La note de 4,2/5 sur plus de 3100 avis confirme un adieu réussi. Les fidèles y retrouvent la mécanique de rebondissements des tomes précédents et saluent une saga édifiante sur les liens troubles entre politique et médias, toujours d’actualité. Un lecteur arrivé au terme de l’aventure y voit une conclusion à la hauteur. Je partage ce sentiment de boucle qui se referme, non sans un pincement au cœur.
Pourquoi écouter La fille qui devait mourir en livre audio ?
Bernard Gabay possède ce timbre grave et posé qui sied aux thrillers nordiques, et il tient d’une main ferme les deux fronts du récit : l’enquête glaçante de Blomqvist et la vendetta de Lisbeth. Sa diction fait ressortir la froideur clinique des scènes suédoises comme la tension des chapitres moscovites, sans jamais surjouer. On sent l’acteur en pleine maîtrise de son matériau.
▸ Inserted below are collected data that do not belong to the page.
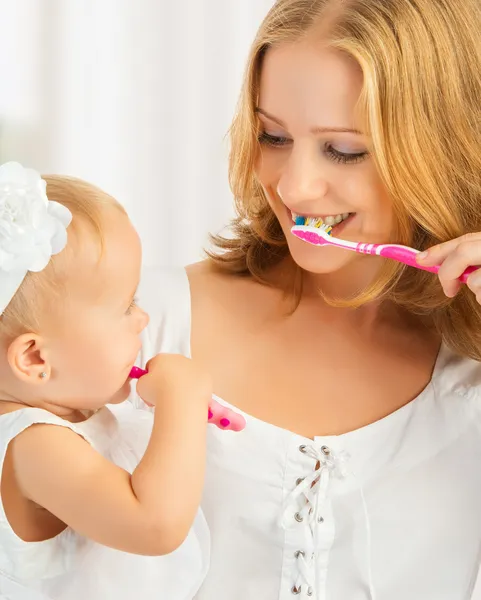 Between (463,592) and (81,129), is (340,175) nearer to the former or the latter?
(463,592)

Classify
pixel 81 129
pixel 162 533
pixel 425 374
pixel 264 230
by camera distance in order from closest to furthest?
pixel 162 533
pixel 425 374
pixel 264 230
pixel 81 129

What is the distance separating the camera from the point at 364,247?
1.27 metres

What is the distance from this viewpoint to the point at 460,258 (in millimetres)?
1221

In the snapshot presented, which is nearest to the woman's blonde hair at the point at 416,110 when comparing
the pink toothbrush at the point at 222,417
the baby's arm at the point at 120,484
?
the pink toothbrush at the point at 222,417

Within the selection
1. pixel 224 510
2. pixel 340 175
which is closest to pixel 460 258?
pixel 340 175

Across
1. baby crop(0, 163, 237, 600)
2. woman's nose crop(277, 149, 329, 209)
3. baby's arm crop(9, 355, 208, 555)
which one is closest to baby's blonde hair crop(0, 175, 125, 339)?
baby crop(0, 163, 237, 600)

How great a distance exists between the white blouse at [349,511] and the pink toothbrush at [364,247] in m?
0.24

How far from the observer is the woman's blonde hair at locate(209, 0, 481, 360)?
1.26 meters

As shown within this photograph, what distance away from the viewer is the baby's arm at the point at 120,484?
102cm

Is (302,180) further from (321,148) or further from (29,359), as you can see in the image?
(29,359)

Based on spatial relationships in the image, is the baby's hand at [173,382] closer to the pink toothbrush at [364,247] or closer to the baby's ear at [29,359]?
the baby's ear at [29,359]

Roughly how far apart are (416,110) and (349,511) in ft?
1.76

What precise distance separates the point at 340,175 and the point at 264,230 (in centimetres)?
29

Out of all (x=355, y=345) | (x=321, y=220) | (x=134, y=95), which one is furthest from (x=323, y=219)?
(x=134, y=95) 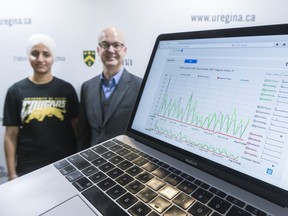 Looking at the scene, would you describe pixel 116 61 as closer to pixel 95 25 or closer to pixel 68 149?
pixel 95 25

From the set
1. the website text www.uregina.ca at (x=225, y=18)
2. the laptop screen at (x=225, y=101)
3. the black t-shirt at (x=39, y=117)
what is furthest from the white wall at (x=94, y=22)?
the laptop screen at (x=225, y=101)

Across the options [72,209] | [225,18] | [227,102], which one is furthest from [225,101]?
[225,18]

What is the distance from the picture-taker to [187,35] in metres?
0.53

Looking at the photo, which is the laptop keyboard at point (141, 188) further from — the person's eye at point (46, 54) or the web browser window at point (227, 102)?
the person's eye at point (46, 54)

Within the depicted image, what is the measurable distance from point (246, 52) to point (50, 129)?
1193 mm

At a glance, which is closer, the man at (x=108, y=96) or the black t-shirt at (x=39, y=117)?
the man at (x=108, y=96)

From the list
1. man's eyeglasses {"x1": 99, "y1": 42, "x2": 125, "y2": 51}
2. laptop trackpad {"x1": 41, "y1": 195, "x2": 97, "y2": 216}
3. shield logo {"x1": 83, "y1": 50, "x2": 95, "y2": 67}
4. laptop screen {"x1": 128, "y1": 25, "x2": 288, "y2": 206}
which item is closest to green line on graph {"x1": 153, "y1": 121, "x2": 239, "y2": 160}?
laptop screen {"x1": 128, "y1": 25, "x2": 288, "y2": 206}

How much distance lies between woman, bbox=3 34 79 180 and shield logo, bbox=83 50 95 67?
185mm

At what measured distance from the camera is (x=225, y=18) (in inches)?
35.3

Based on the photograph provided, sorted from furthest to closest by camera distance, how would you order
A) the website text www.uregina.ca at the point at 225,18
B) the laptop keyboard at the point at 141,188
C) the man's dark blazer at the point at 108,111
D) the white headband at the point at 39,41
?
1. the white headband at the point at 39,41
2. the man's dark blazer at the point at 108,111
3. the website text www.uregina.ca at the point at 225,18
4. the laptop keyboard at the point at 141,188

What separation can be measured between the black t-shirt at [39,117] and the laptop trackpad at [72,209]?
3.35 ft

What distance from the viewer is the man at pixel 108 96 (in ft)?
3.53

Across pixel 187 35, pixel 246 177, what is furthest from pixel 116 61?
pixel 246 177

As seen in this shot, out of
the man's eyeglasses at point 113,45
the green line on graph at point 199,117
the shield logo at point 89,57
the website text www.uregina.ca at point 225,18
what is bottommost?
the green line on graph at point 199,117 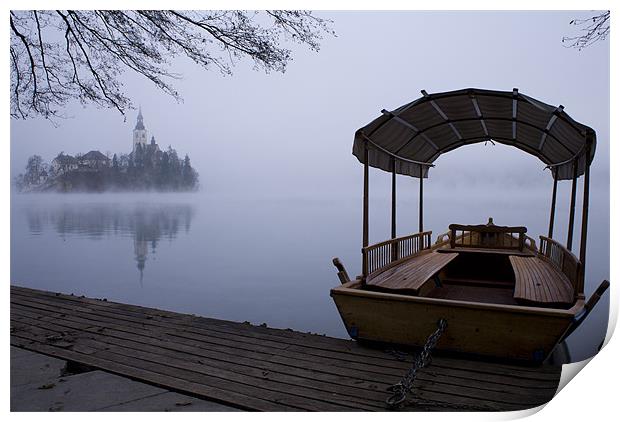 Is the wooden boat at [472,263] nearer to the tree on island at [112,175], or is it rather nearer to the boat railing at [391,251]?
the boat railing at [391,251]

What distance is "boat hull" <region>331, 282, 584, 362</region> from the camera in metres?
3.74

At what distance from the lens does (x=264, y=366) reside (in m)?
3.94

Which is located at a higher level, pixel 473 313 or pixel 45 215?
pixel 45 215

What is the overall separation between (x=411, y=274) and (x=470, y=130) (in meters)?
2.58

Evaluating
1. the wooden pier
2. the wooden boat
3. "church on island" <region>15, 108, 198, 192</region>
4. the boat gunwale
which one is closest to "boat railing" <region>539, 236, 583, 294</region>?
the wooden boat

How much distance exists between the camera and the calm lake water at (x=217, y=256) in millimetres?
4812

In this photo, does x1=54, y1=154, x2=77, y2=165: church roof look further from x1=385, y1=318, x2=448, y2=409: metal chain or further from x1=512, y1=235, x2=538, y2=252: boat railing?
x1=512, y1=235, x2=538, y2=252: boat railing

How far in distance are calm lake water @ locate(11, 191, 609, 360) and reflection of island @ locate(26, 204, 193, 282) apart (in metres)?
0.04

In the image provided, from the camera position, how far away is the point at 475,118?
5926mm

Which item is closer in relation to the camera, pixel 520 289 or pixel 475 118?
pixel 520 289

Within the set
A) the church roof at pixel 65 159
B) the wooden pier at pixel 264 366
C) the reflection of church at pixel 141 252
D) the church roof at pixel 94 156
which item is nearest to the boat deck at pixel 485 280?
the wooden pier at pixel 264 366

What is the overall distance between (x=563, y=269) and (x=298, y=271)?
16665 millimetres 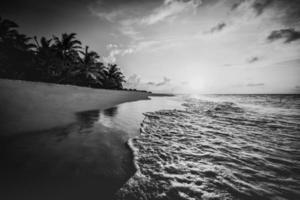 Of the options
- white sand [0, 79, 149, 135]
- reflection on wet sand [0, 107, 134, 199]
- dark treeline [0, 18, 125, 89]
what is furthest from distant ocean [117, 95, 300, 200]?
dark treeline [0, 18, 125, 89]

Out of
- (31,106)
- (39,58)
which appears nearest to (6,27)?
(39,58)

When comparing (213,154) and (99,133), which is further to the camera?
(99,133)

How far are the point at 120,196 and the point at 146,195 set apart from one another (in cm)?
42

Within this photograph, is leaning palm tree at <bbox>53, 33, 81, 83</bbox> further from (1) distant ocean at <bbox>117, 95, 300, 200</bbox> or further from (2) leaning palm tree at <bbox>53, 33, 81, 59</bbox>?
(1) distant ocean at <bbox>117, 95, 300, 200</bbox>

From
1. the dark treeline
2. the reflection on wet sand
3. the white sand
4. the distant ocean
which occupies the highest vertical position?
the dark treeline

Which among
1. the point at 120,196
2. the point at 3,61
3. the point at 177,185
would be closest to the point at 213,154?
the point at 177,185

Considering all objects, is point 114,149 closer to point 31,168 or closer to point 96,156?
point 96,156

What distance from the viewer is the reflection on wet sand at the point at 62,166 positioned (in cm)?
195

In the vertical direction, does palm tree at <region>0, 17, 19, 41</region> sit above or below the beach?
above

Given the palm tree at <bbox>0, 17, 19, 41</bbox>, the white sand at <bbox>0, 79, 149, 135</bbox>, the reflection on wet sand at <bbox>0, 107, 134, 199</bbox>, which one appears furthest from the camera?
the palm tree at <bbox>0, 17, 19, 41</bbox>

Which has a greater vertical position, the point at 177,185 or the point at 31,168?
the point at 31,168

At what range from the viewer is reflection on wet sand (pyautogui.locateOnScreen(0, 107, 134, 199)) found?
76.9 inches

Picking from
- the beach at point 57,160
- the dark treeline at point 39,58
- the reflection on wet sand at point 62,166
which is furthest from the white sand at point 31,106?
the dark treeline at point 39,58

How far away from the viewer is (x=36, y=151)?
303 centimetres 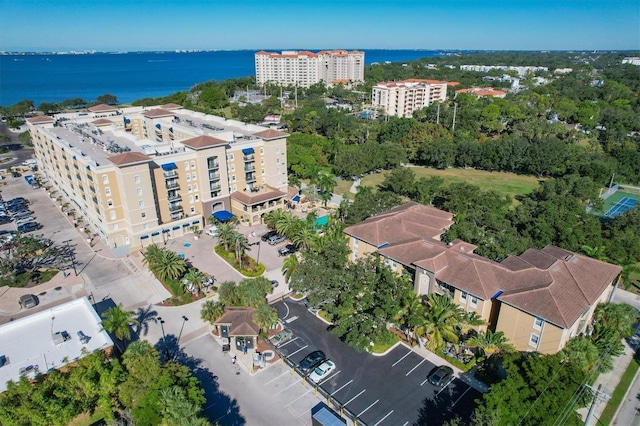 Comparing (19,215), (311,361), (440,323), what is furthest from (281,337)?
(19,215)

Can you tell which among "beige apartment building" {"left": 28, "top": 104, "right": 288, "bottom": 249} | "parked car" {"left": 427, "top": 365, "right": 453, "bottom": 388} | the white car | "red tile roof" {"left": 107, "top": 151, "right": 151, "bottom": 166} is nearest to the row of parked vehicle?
"beige apartment building" {"left": 28, "top": 104, "right": 288, "bottom": 249}

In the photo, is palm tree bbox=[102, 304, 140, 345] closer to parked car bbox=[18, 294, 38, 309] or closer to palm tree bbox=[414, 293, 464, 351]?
parked car bbox=[18, 294, 38, 309]

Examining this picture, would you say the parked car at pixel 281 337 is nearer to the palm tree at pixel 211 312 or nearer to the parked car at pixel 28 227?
the palm tree at pixel 211 312

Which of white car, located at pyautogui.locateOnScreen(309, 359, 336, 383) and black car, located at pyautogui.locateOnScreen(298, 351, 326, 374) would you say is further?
black car, located at pyautogui.locateOnScreen(298, 351, 326, 374)

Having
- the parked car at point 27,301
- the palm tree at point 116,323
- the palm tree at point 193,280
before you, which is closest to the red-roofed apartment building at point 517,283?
the palm tree at point 193,280

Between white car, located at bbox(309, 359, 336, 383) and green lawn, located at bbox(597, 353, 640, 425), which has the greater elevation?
white car, located at bbox(309, 359, 336, 383)

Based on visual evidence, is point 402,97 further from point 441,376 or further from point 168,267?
point 441,376

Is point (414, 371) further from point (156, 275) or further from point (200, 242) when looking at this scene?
point (200, 242) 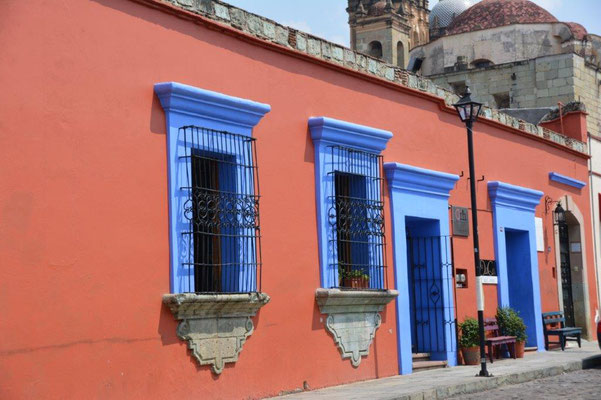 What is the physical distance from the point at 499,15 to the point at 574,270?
1370 centimetres

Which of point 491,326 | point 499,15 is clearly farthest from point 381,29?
point 491,326

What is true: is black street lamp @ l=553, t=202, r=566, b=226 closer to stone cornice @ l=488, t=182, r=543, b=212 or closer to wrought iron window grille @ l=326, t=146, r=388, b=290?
stone cornice @ l=488, t=182, r=543, b=212

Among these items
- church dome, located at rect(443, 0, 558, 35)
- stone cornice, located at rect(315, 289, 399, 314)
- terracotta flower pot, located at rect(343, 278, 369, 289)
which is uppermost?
church dome, located at rect(443, 0, 558, 35)

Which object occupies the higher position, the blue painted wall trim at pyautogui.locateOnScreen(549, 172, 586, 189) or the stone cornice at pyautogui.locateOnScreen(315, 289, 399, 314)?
the blue painted wall trim at pyautogui.locateOnScreen(549, 172, 586, 189)

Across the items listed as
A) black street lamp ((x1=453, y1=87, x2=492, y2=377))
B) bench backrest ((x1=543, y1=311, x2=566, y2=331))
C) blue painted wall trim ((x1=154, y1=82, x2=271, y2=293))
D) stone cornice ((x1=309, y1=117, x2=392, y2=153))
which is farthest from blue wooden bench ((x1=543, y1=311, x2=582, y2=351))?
blue painted wall trim ((x1=154, y1=82, x2=271, y2=293))

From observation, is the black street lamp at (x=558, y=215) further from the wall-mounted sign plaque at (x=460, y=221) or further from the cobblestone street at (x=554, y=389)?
the cobblestone street at (x=554, y=389)

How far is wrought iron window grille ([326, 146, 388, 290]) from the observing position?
10836mm

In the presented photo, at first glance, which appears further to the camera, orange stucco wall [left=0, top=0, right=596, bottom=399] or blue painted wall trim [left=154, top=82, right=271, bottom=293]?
Result: blue painted wall trim [left=154, top=82, right=271, bottom=293]

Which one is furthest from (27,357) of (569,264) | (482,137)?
(569,264)

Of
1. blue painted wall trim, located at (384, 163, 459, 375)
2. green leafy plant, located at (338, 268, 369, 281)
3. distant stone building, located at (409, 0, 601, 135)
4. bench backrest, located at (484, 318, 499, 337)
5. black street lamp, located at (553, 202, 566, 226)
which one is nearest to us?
green leafy plant, located at (338, 268, 369, 281)

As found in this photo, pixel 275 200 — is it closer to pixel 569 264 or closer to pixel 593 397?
pixel 593 397

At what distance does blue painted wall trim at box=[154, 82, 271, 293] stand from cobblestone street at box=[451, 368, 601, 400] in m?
3.35

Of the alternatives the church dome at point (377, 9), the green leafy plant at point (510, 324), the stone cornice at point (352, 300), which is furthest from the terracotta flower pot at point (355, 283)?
the church dome at point (377, 9)

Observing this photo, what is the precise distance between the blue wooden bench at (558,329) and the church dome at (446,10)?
30.8 meters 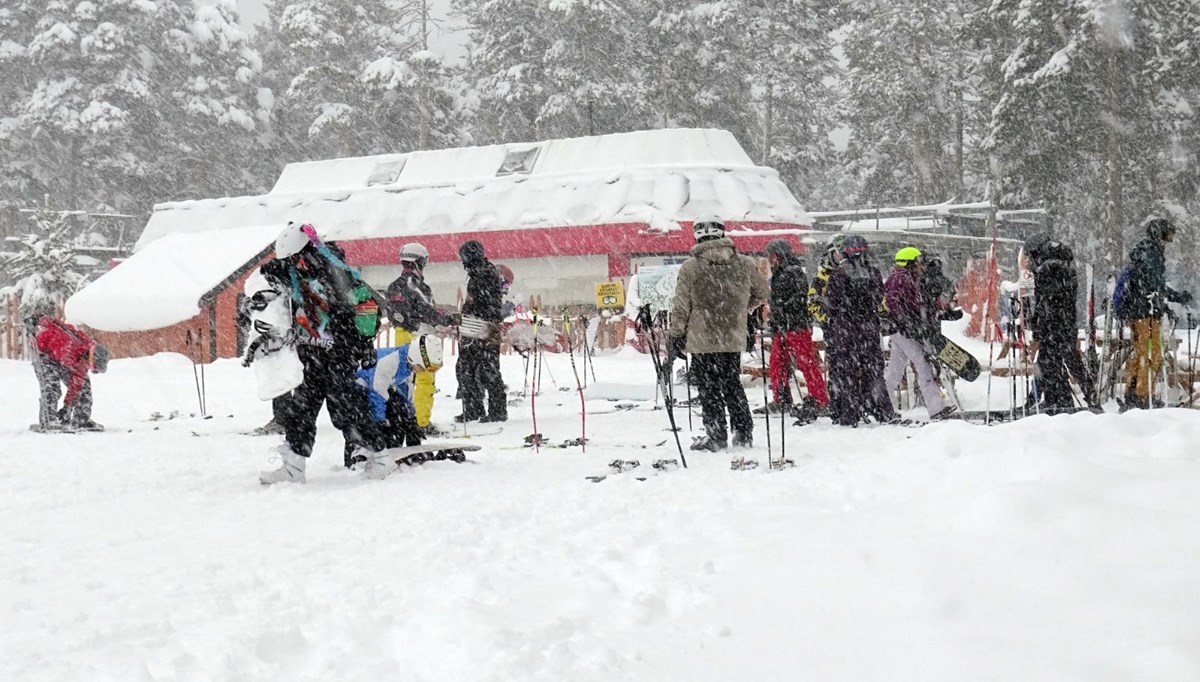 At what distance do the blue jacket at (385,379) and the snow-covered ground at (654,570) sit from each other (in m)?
0.61

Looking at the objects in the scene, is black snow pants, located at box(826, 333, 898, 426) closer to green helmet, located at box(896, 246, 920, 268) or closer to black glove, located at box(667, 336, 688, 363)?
green helmet, located at box(896, 246, 920, 268)

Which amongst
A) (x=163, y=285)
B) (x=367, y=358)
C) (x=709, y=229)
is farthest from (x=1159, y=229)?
(x=163, y=285)

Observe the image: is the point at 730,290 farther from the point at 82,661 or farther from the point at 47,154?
the point at 47,154

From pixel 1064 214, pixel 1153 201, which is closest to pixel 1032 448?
pixel 1153 201

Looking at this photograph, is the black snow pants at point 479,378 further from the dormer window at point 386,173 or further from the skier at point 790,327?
the dormer window at point 386,173

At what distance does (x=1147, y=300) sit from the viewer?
29.0 feet

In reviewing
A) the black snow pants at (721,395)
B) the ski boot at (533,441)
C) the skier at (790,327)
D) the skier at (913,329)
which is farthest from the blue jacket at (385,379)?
the skier at (913,329)

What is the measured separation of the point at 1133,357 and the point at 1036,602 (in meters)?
6.85

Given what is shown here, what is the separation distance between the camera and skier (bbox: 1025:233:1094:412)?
853 centimetres

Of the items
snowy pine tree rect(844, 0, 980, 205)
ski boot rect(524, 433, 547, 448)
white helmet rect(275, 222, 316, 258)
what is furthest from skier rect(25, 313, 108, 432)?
snowy pine tree rect(844, 0, 980, 205)

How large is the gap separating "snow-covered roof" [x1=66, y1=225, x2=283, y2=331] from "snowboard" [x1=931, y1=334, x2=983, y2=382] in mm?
15454

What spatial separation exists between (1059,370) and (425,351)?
5.21m

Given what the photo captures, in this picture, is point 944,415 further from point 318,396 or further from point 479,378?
point 318,396

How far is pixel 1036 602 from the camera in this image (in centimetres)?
310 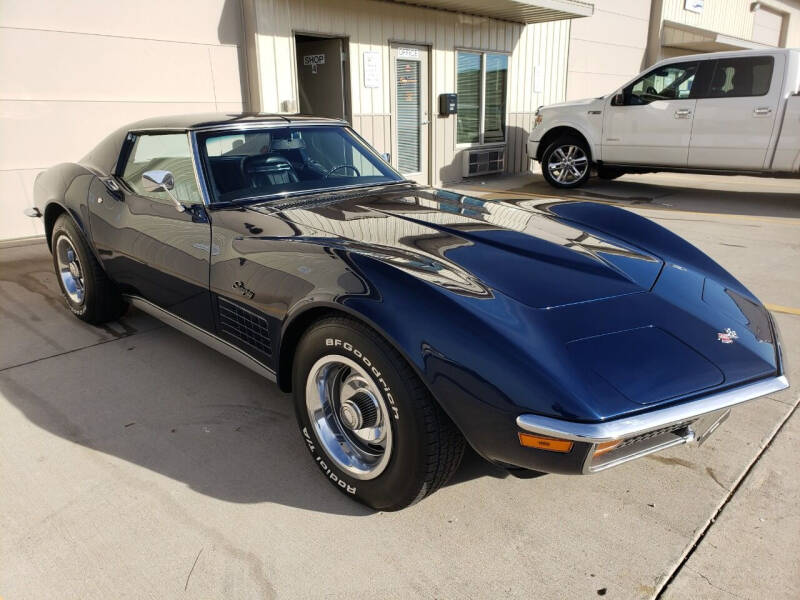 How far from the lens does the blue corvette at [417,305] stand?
6.03 ft

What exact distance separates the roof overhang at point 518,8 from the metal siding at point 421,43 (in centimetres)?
16

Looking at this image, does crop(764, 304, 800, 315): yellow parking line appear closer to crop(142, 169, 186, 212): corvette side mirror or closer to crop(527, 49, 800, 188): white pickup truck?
crop(142, 169, 186, 212): corvette side mirror

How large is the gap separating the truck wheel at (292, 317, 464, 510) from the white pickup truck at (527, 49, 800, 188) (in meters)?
8.24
Sur 10 heures et 36 minutes, l’audio soulage aussi de la difficulté que pose souvent Millénium : les noms suédois à rallonge, les organigrammes politiques touffus. Entendre Gabay articuler le nom du ministre Forsell ou dérouler les alias de Camilla clarifie une intrigue qui, sur le papier, peut sembler très dense. Le format rend la lecture nettement plus fluide et l’enquête plus limpide.
Ce que vous allez découvrir
Tout commence par un SDF retrouvé mort dans un parc de Stockholm, certains de ses doigts et orteils amputés. Avant de mourir, il divaguait au sujet de Johannes Forsell, le ministre de la Défense suédois. Délire d’un déséquilibré ou piste bien réelle ? Blomqvist flaire le sujet en or, mais il a besoin de Lisbeth, injoignable et occupée à ses propres règlements de comptes.
En toile de fond, Lagercrantz croise géopolitique, secrets d’État et haine familiale, en refermant l’affrontement entre les deux sœurs Salander. Je ne trahirai pas l’issue de ce duel. Sachez seulement qu’il s’agit du sixième tome d’une saga initiée par Stieg Larsson : si vous découvrez Millénium, commencez impérativement par Les Hommes qui n’aimaient pas les femmes, sous peine de perdre le fil des enjeux.
À qui s’adresse ce livre audio ?
Ce titre s’adresse d’abord aux lecteurs qui ont suivi Lisbeth depuis le début et veulent connaître le point final de son parcours. Les amateurs de polar scandinave, de complots politiques et d’héroïnes cabossées et vengeresses y trouveront leur compte. Pour un néophyte, en revanche, ce serait un contresens de commencer par la toute fin d’une histoire aussi longue.
Je le réserverais aux longues écoutes hivernales, celles où l’on accepte de plonger dans une intrigue exigeante qui demande de la concentration. C’est le compagnon idéal des soirées où l’on veut se sentir happé par une atmosphère glaciale et un suspense de haute tenue. Prévoyez de quoi enchaîner : une fois Lisbeth lancée vers Moscou, on n’a plus très envie de la lâcher.